Data (pre) processing using DataTransformer and Pipeline

In this notebook, we will demonstrate how to perform some common preprocessing tasks using darts

As a toy example, we will use the Monthly Milk Production dataset.

The DataTransformer abstraction

DataTransformer aims to provide a unified way of dealing with transformations of TimeSeries:

  • transform() is implemented by all transformers. This method takes in either a TimeSeries of a sequence of TimeSeries, applies the transformation and returns it as a new TimeSeries/sequence of `TimeSeries.

  • inverse_transform() is implemented by transformers for which an inverse transformation function exists. It works in a similar way as transform()
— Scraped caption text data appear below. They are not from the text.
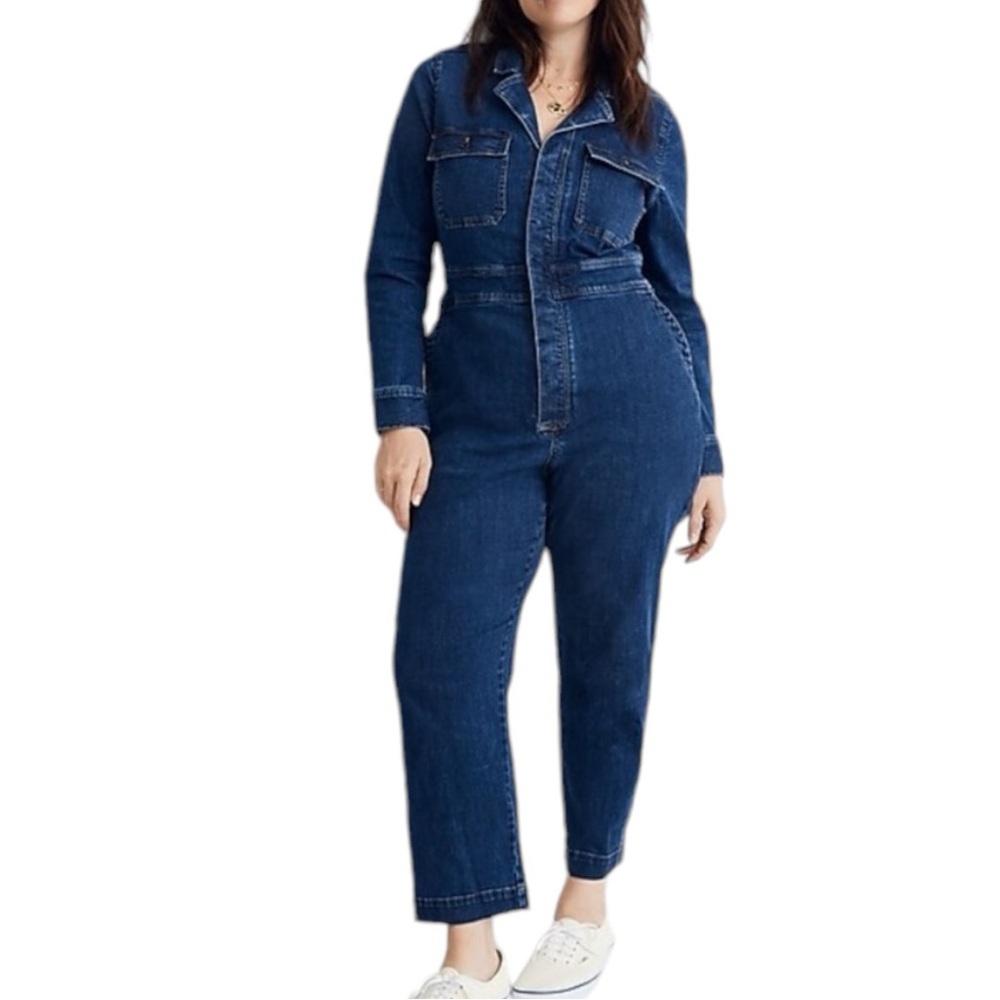 Madewell Denim Coverall Jumpsuit Button Front in Stanwick Wash with Pockets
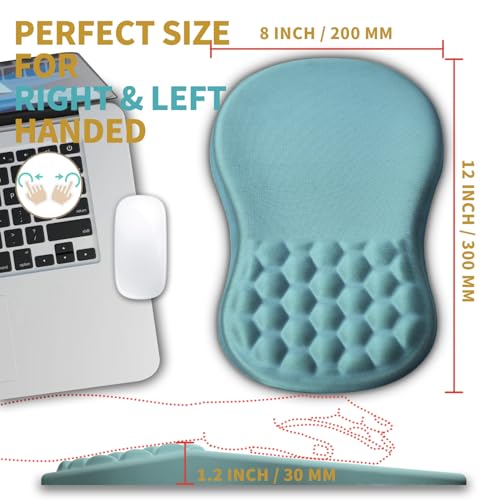 Hokafenle Ergonomic Mouse Pad Wrist Support with Massage Design, Wrist Rest Pain Relief Mousepad with Memory Foam&Non-Slip PU Base, Mouse Pads for Wireless Mouse & Desk (12x8 inch,Light Blue) - color: HK005-Light Blue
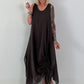 Sommerkleid mit Raff-Detail - schoko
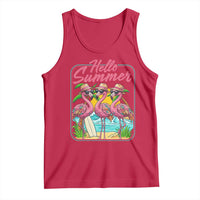 Summer Flamingo Pink Tank Top Tropical Palm Tree Beach Vacation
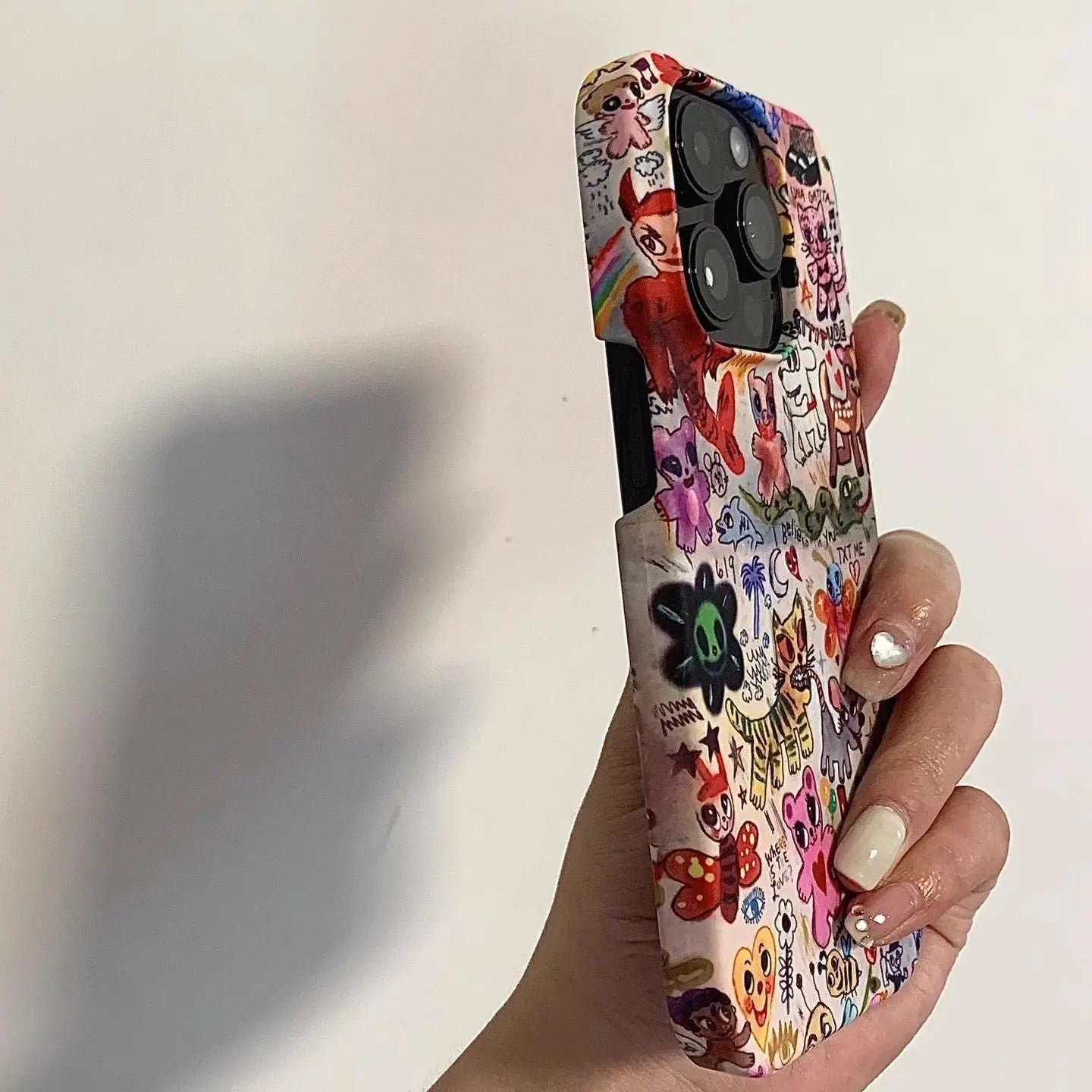 Cute Cartoon Graffiti Animals Phone Case for Iphone 16 15 14 13 Pro Max Back for 12 Mini 11 Pro plus 8 7 X XS Acrylic Cover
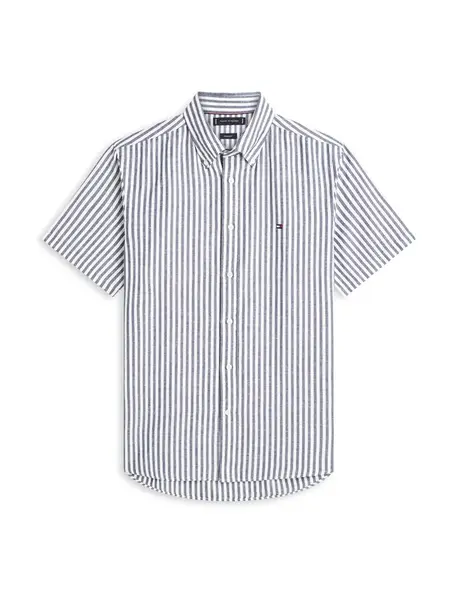 TOMMY HILFIGER Košeľa  tmavomodrá / biela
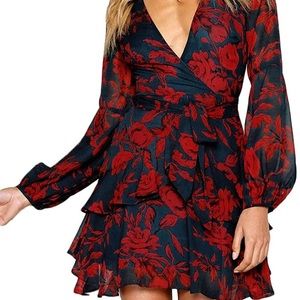 Long Sleeve V Neck Floral Dress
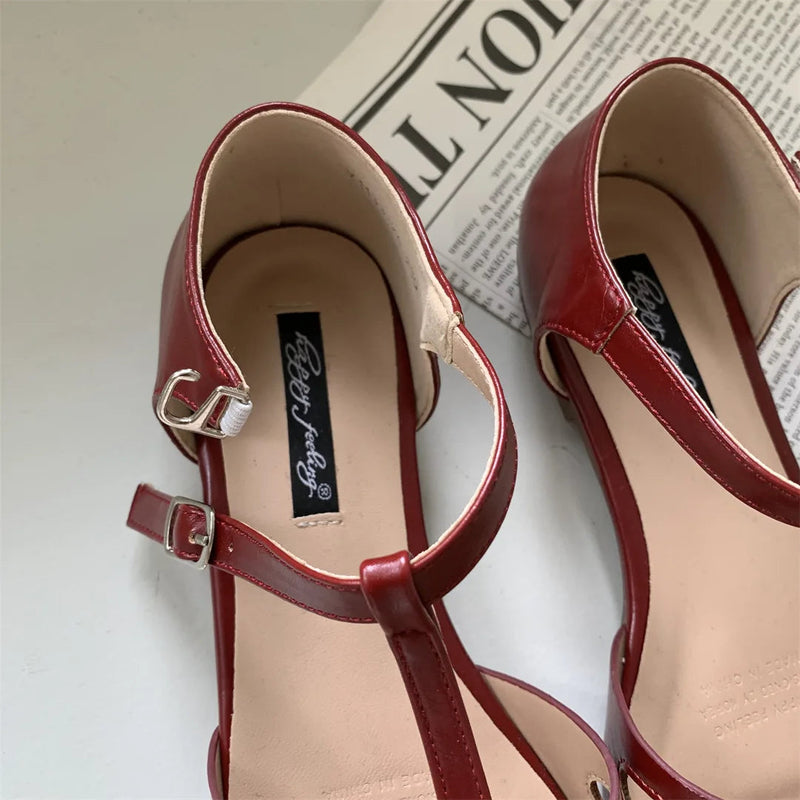 Tstrap Rome Flat Sandals Hollow Out Summer Mary Janes Shoes Pu Leather Holiday Gladiator Sandals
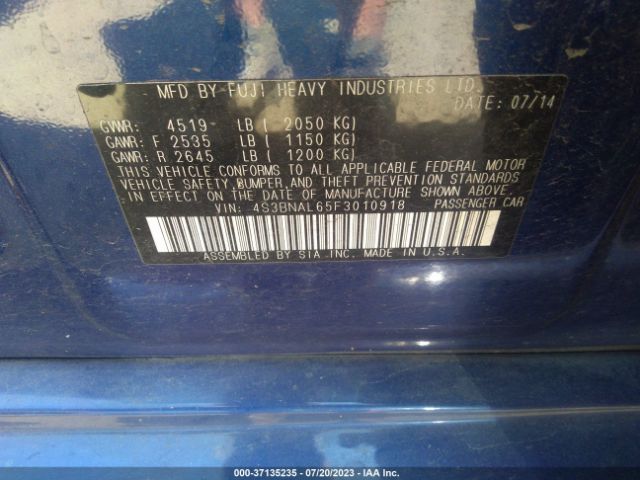 4S3BNAL65F3010918 Subaru Legacy 2.5i Limited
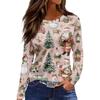 Women's Fashion Casual Slit Hem Round Neck Long Sleeve Loose Printed T-Shirt Top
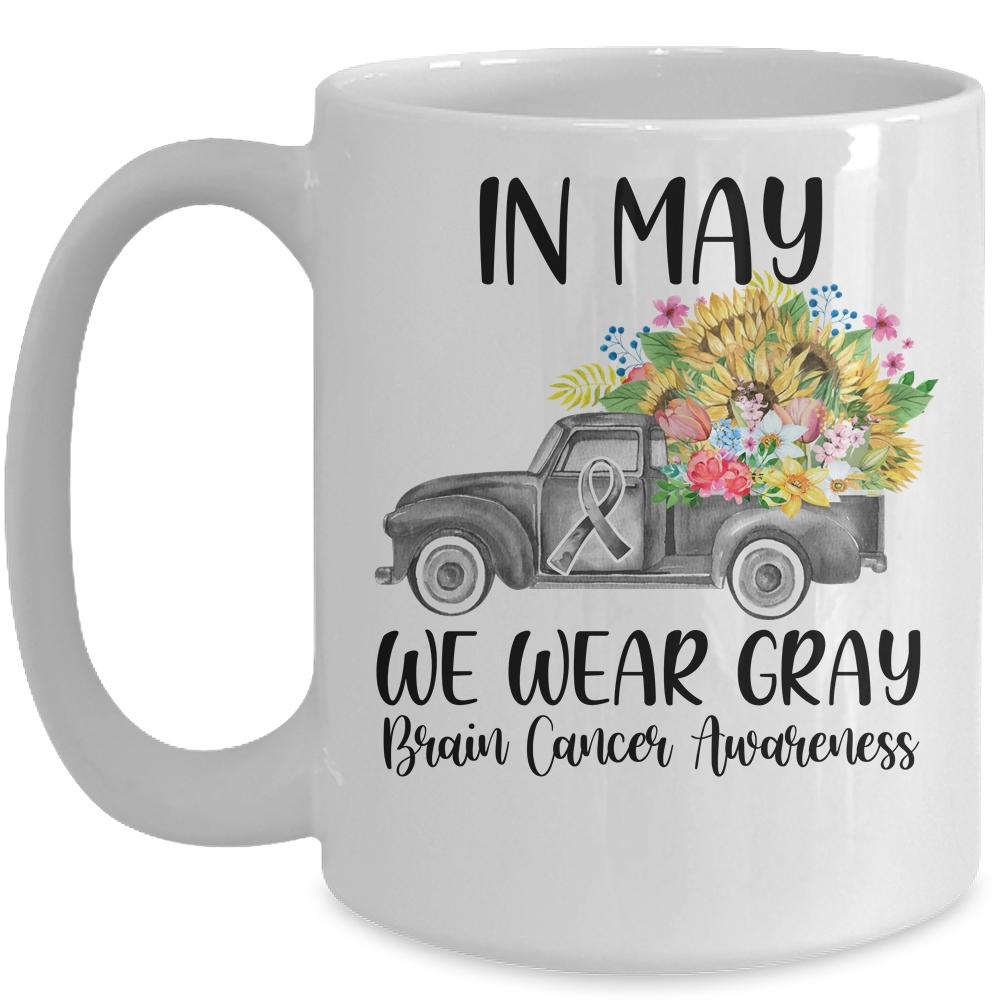 In May We Wear Gray Floral Truck Brain Cancer Awareness Mug-Coffee Mug-Mug-White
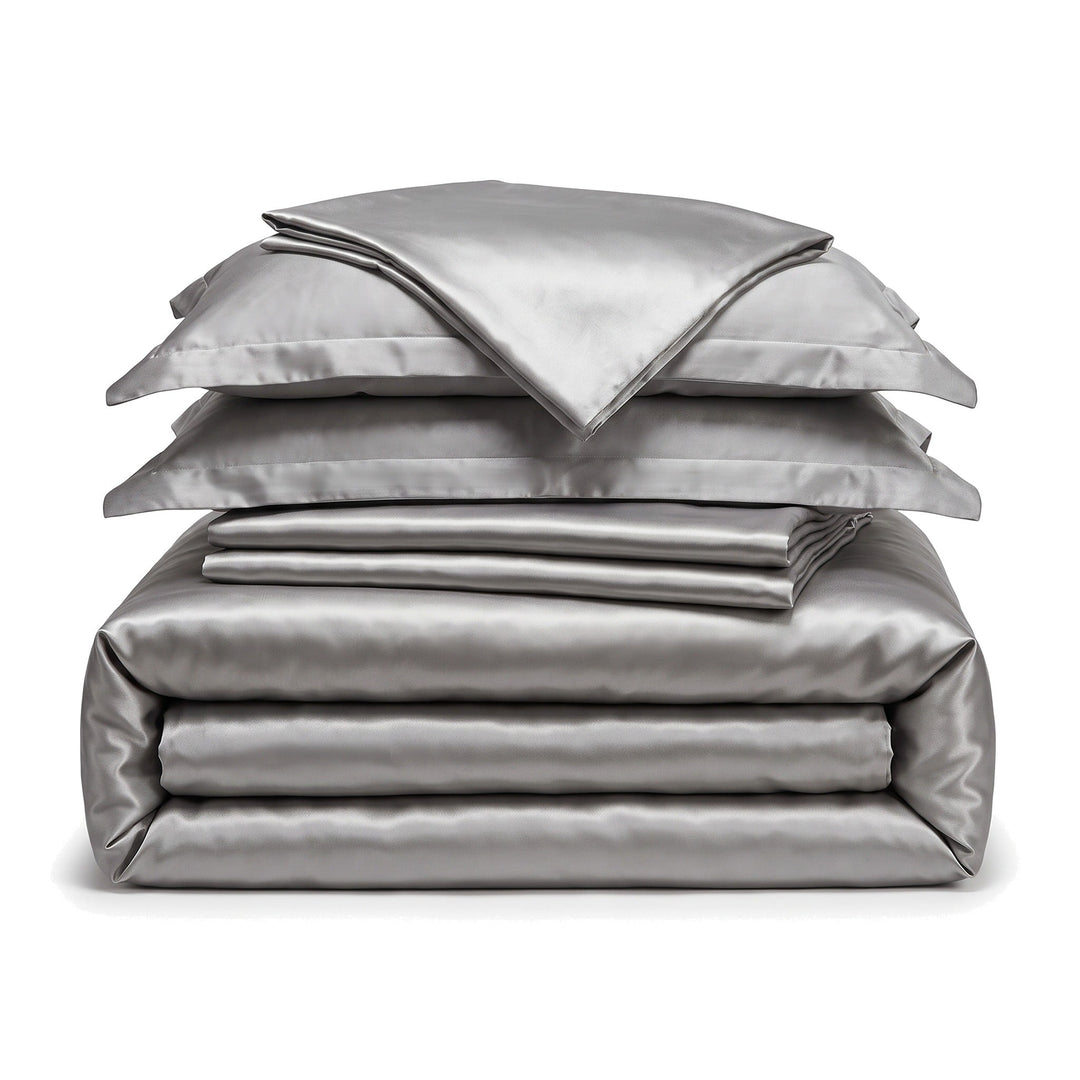 Solid Gray Satin Silk-Finish Bedding Set with Duvet Cover and Sheet | Hotel-Style Satin Smoothness | Bedding Sets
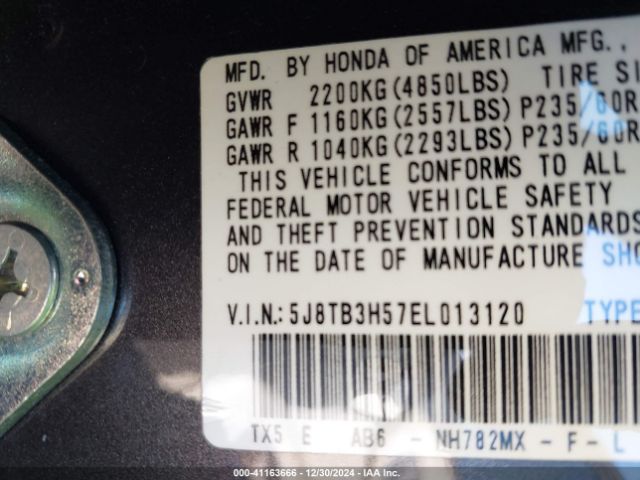 5J8TB3H57EL013120 Acura RDX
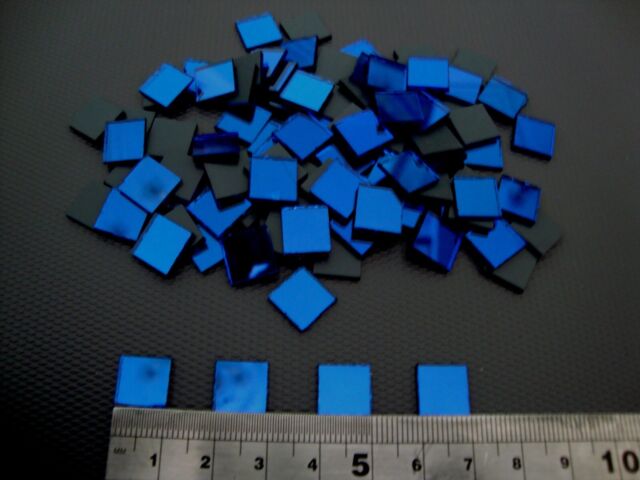 100 pezzi specchio vetro blu reale circa 1 x 1 cm arte e artigianato - SPEDIZIONE GRATUITA- GU10445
  • fit() allows transformers to extract some information from the time series first before calling transform() or inverse_transform()

Setting up the example

[1]:
# fix python path if working locally
from utils import fix_pythonpath_if_working_locally

fix_pythonpath_if_working_locally()

%load_ext autoreload
%autoreload 2
%matplotlib inline
[2]:
import pandas as pd
import matplotlib.pyplot as plt
import numpy as np

from darts import TimeSeries
from darts.models import ExponentialSmoothing
from darts.dataprocessing.transformers import (
    Scaler,
    MissingValuesFiller,
    Mapper,
    InvertibleMapper,
)
from darts.dataprocessing import Pipeline
from darts.metrics import mape
from darts.utils.statistics import check_seasonality, plot_acf, plot_residuals_analysis
from darts.utils.timeseries_generation import linear_timeseries
from darts.datasets import MonthlyMilkDataset, MonthlyMilkIncompleteDataset

import warnings

warnings.filterwarnings("ignore")
import logging

logging.disable(logging.CRITICAL)

Reading the data and creating a time series

[3]:
series = MonthlyMilkDataset().load()

print(series)
series.plot()
<TimeSeries (DataArray) (Month: 168, component: 1, sample: 1)>
array([[[589.]],

       [[561.]],

       [[640.]],

       [[656.]],

       [[727.]],

       [[697.]],

       [[640.]],

       [[599.]],

       [[568.]],

       [[577.]],

...

       [[892.]],

       [[903.]],

       [[966.]],

       [[937.]],

       [[896.]],

       [[858.]],

       [[817.]],

       [[827.]],

       [[797.]],

       [[843.]]])
Coordinates:
  * Month      (Month) datetime64[ns] 1962-01-01 1962-02-01 ... 1975-12-01
  * component  (component) object 'Pounds per cow'
Dimensions without coordinates: sample
../_images/examples_02-data-processing_6_1.png

Using a transformer: Rescaling a time series using Scaler.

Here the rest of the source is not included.